When thinking about the subject of free speech and how my own personal campaign to promote it has led to me being penniless and at times close to being thrown in jail – and this is in the EU – four guiding principles come to mind.
- Most people don’t actually even know what free speech is or what it entails as it is pretty ugly when put under the spotlight. Free speech means just that. The freedom for anyone to speak their minds on any subject, so that means rapists can give their views about women’s rights, or Nazis can talk about their wish to kill Jews etc.
- Most wealthy or powerful people like Musk who talk about free speech do not actually want free speech for all. What they really want is free speech for me and others like me who share my views.
- Just as paedophilia is nearly always linked to blackmail, free speech is nearly always dominated by hypocrisy. There is never a genuine debate about free speech, even when the media take it up like in the recent attack by the Guardian on Musk, only a masquerade of the farcical subject. Can the Guardian really lead the debate on the subject?

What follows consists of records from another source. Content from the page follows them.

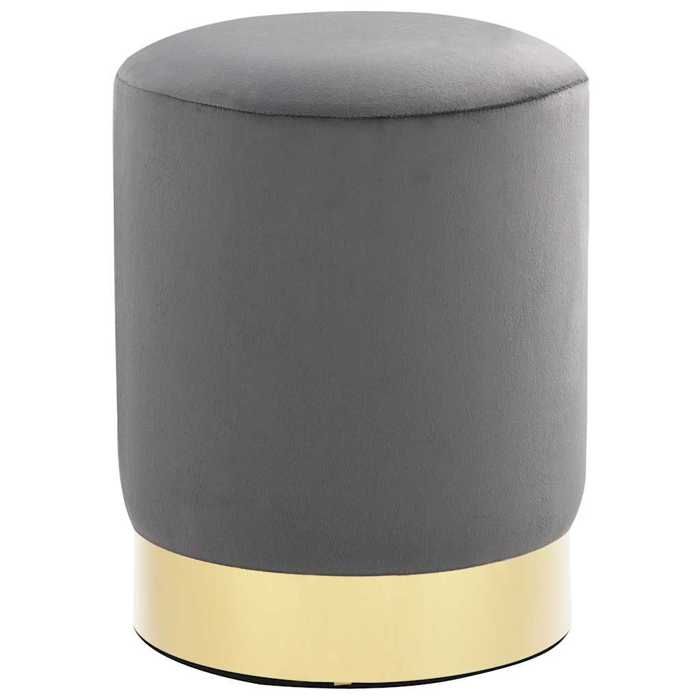 Tabouret - vidaXL - Velours Gris foncé - Base dorée - 28 x 36 cm
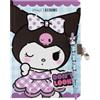 Mr. Wonderful - Diario Personale + Penna Cancellabile Kuromi Hello Kitty - Don't Look! - Diario Con 224 Pagine A Righe, Lucchetto E Chiave Di Ricambio, Penna Cancellabile Blu E Carta FSC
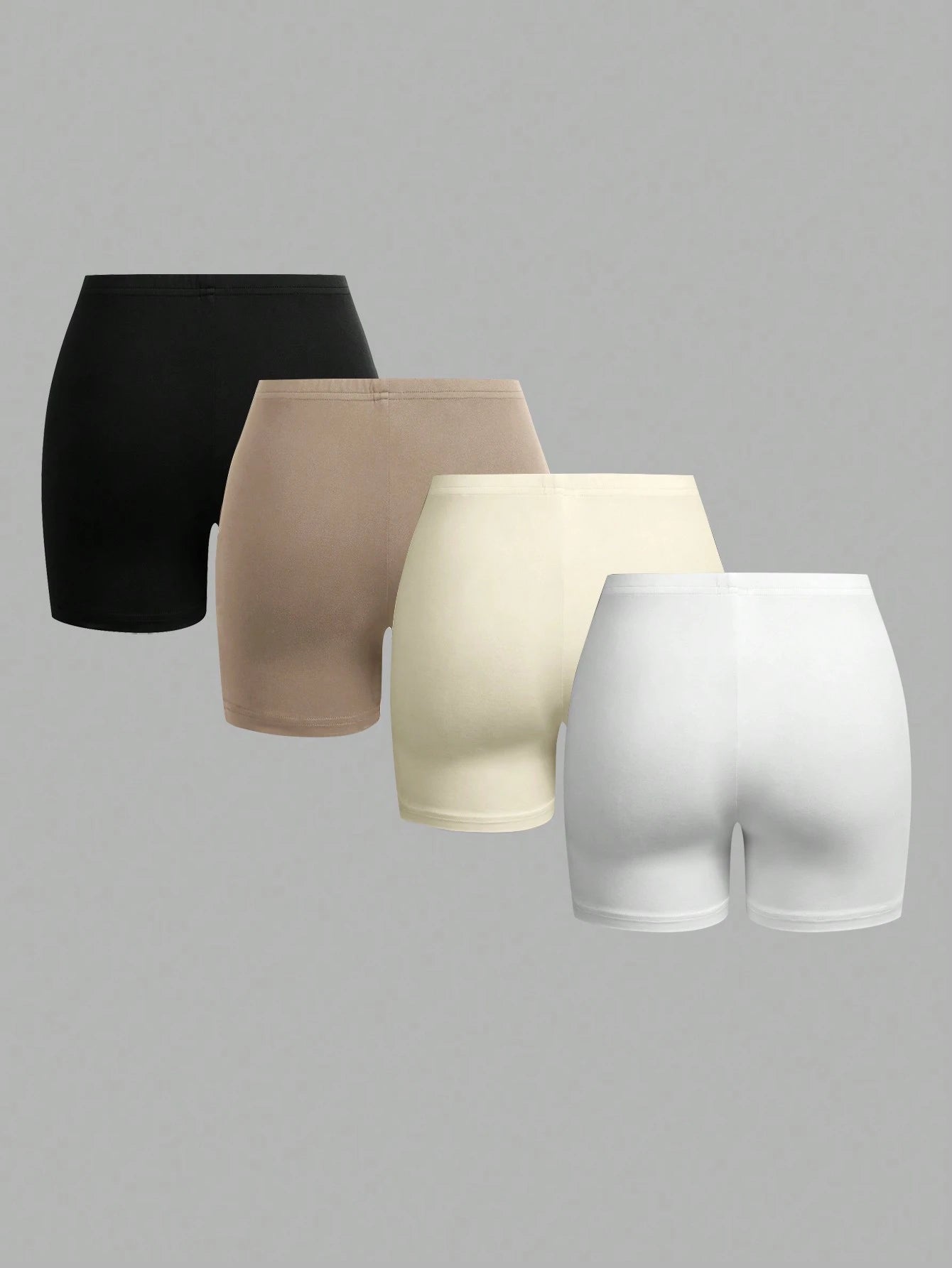EZwear 4pcs Women's Colorful Tight Casual Short Leggings Set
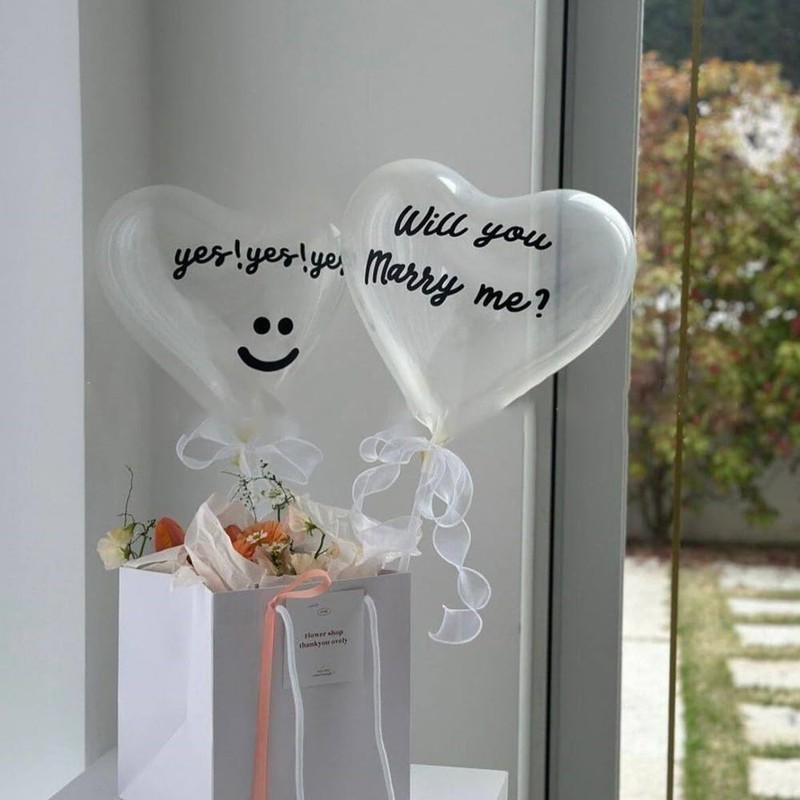 GOODCHI MARRY ME Proposal Balloons, Decorating Set, Transparent Color Balloons,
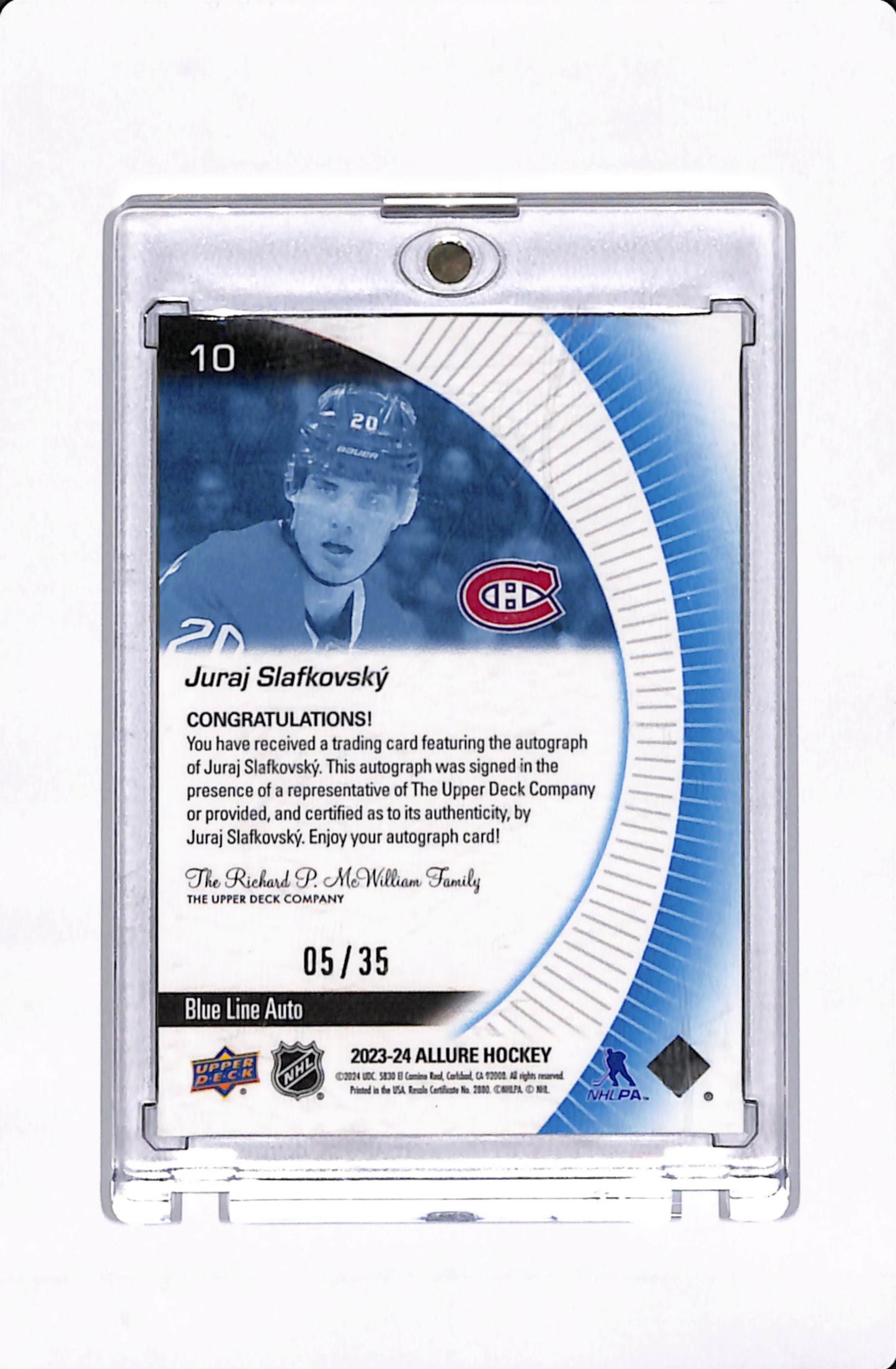2023-24 UPPER DECK ALLURE HOCKEY JURAJ SLAFKOVSKY BLUE LINE AUTO /35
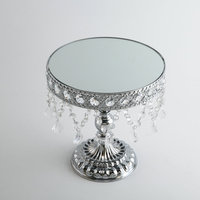 Support à gâteau de luxe moderne en métal doré et argenté avec cristaux, plateau à desserts, support à cupcakes, socle pour mariage, banquet, fête, buffet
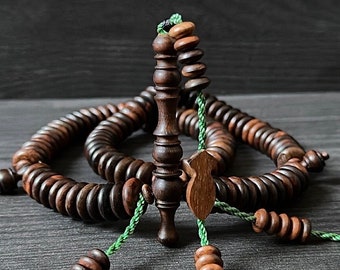 SufiCo | Grade A Pure Oud Agarwood Sufi Dervish Tijani Tasbih Prayer Beads With Nalayn Shareef Eid Gift Ramadan Gift Misbaha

- Those who take the floor on free speech never, ever tackle the subject of reforming defamation laws because, simply put, the present laws in western countries which were formed in the 17th and 18th centuries were created for one purpose in mind: to protect the elite from having their debauched lifestyles ever being exposed. Defamation laws have nothing to do with democracy and fairness.
It’s this last point which exposes Elon Musk for being a hypocrite. As a billionaire, he will never be a victim of slander or defamation as these laws – certainly in Europe – are so absurdly tilted to helping the rich. If Musk really cared about free speech, he would start here. Reforming defamation laws so that poor people had their day in court. In the UK for example, most defamation cases filed against journalists or media by wealthy individuals never see the light of day in court – and so are never defended by poor journalists who have a scoop against someone powerful – simply because how the legal process is structured for the rich. Defamation cases in the UK are absurdly expensive to support and nearly all so-called cases get quashed within a week or two of journalists publishing their pieces simply because there is no legal aid for humble people who find themselves as defendants. Moreover, with the financial demise of big media in the last 30 years, these laws have had a huge impact on how newspapers report on politicians, for example, as a new risk averse culture has emerged in the newsroom to avoid legal fees.
And people like Musk know this all too well. While he is being wrongly attacked for being anti-Semitic for simply engaging with far-right commentators on his own platform, his knee-jerk reaction to the Anti-Defamation League in the U.S. (ADL) to sue them is telling. He exercises his right to free speech but anyone who comments on his choice of how he goes about that needs to be dealt with. And when you have lawyers in Manhattan who know how to manipulate the laws, with money as no issue, then there’s little wonder that free speech takes a dive every time.
The elites are not interested in free speech, only pretending to be behind it for their own profiles. Musk’s Twitter X company has launched a number of legal challenges against the ADL and other online groups which claim to be against hatred on his own platform. He has challenged them, asserting their claims that X is a safe haven for online hatred, often targeting religious minorities, is costing him billions. And he’ll probably win given that financial damages resulting from corporate defamation, is a lot easier to win as, for example, straightforward defamation cases against media personalities who struggle to prove that defamation against them was malicious.
The Guardian’s recent slur against Musk can’t be taken seriously. But then neither can Musk’s claims to be a champion of free speech. Perhaps I need to add a fifth category which is that most of the time the subject of free speech, whenever it emerges, is usually bullshit. Hypocrisy, double standards and outright lies are comfortable bed partners with the subject as a whole. Free speech is overrated. Just ask any journalist who receives a high court judgment made at midnight by a Belgian court, conducted in his absence, which financially destroys him.